Harry I've been sick for weeks so this email got pushed far off the page and for some weird reason I was having a big problem getting onto the forum with the usual links, for the same weird reason that problem has gone away so, thanks so much for posting the nice image of the lathe bed router sled as this type of sled is a must if you are going to use your lathes index system and it is as I said in my first response, you can use the lathes index wheel to hold the chuck still as long as the index stations on that wheel are suitable for your project and if not then you can do what you did, make on that does suit, but how do you do the cut? I do have some images like this sled but I had to build a new computer and I did save all the images on the old one but they are on USB hard drives and not easy to find, the thing is that this type of box has to be made to do any 'actual cut' using the indexing system on any index-able lathe, unless you are going to do the cut by hand, which was the old method, I have been told that some more experienced guys did fix wires and pulley wheels onto their lathes and they used these wires to control the rotation of the lathe's chuck so that they could draw spiral flutes onto their workpiece using a pencil sled, they did get the correct spacing but they still had to do the cut by hand, I have never been able to get an image on any lathe that did have a 'wire & pulley' system fitted however my point is proved, you can use the index wheel that comes with an index-able lathe to 'draw flutes' on any item, like a spindle, but you cannot do the cut without a sled like this one and you are limited to the possible index stations that the lathes index wheel will give. In the situation of your nice key rack then I agree, the number of holes does not matter that much so you just pick any number that the lathes index wheel can do that looks OK and gives a reasonable spacing however you did make your wheel so anyone with any lathe can also make a wheel for themselves that does suit the project.

My problem has always been 'spiral flutes on irregular surfaces', the sled you have shown will work with any 'straight object', you do have a cutter depth problem however that can be solved, what you do it that you use a planning cutter fitted to the router to cut all your spindles to be exactly correct and all the same, because the diameter of the spindles will all be the exact same diameter then you could then change the cutter to the fluting cutter and then use the index wheel on the lathe to set the stations and do any straight flutes with no depth problem as the cutter will contact the all the spindles at the same depth, if you can rig a height adjustable tail stock, not your normal one but a shop made tail stock that does let you adjust the tail end up, then you could then do all of the same on any tapered spindle, this lets you do straight flutes on straight or tapered spindles, but not spirals and not on uneven shapes or table columns that are not all the same as they were turned by hand, which is my problem the only way to do that is to use a cutter that also has a bearing that rests in the work piece and also sets the depth of cut.

I looked very closely at many lathes, I studied the index wheels very closely and I could see that none of them will do what I wanted and that is why I decided that I had to make a much better index-able box, better than my Router Standardizer anyway, it's what brought me to this site in the first place, Dick and Bruce with their wonderful Router Lathe design.

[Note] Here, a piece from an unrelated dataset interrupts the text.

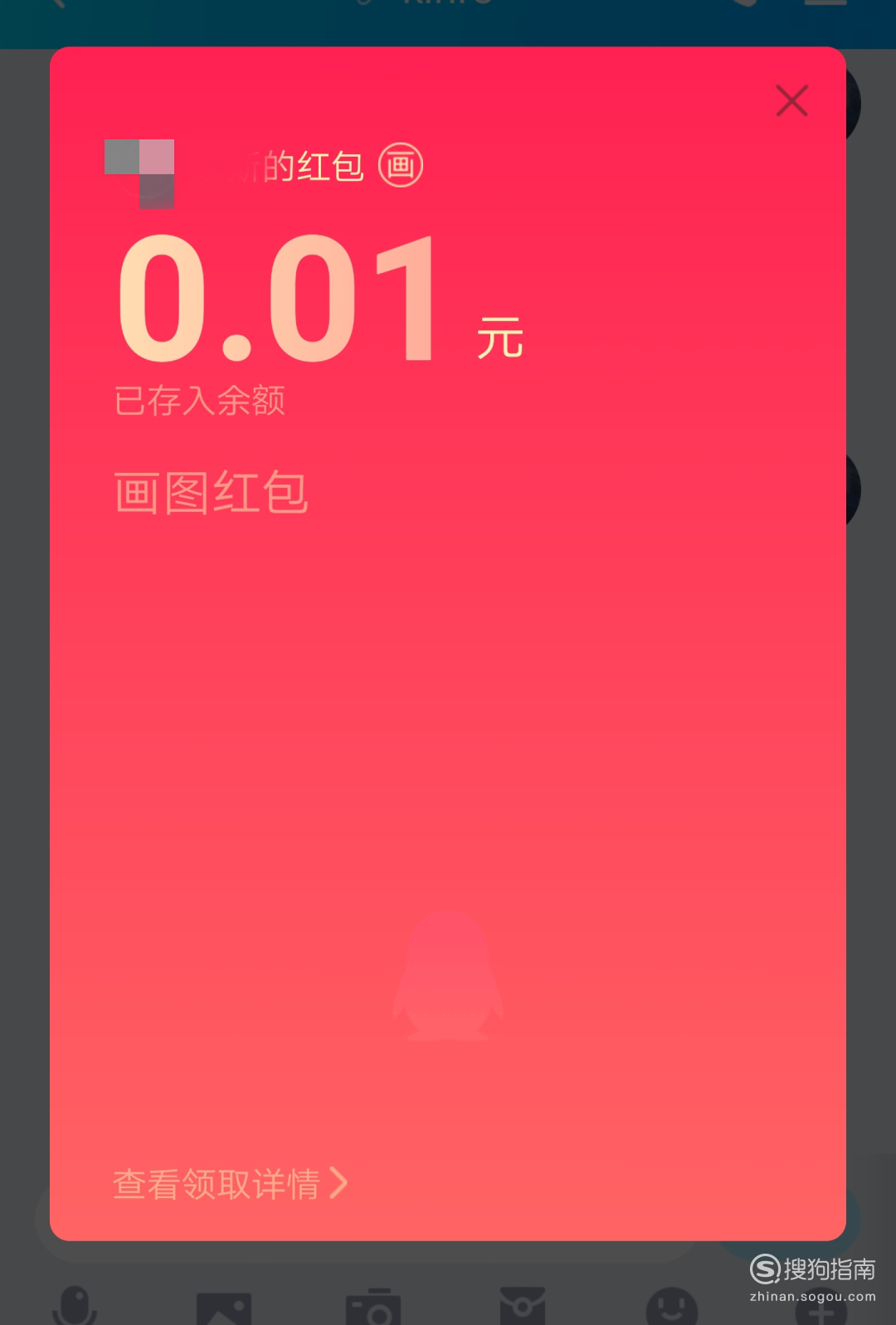 qq红包里面的长号怎么画帮你了解安排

No one box or Router Lathe design can do all, I did see that even though you can do some cuts with this or that design then some other cuts get very hard if not impossible so my index box does do what it was made to do however it cannot do spiral flutes, my new index-able box does solve most of the problems and I am building a new workshop as we speak, it was impossible for me to keep working as I was and the new shop will let all of that be finished, the new box cannot do all the cuts so in the end then I will also build a versions of Bruce's Router Lathe as it's a very clever idea.

For me and with all tools then I think that you have to get a benefit that outweighs the cost of the tool, I gave up on index lathes as they could not do what I wanted and I saw that boxes and Router Lathes were the only way, however I have gotten back to where I started, if there was a project that was going to be done on the index-able head of the lathe that it could first do, and the project did justify the extra cost of the lathe with the index system, then buy it as there would be valid reason, for me then I could not see any way that the index lathe could do what I wanted and all I could see was a gimmick that was hard to get use out of, straight flutes and tapered straight flutes can be cut in a far more versatile way in an index-able box like my Router Standardizer. you always have my best regards Harry. Neville


----------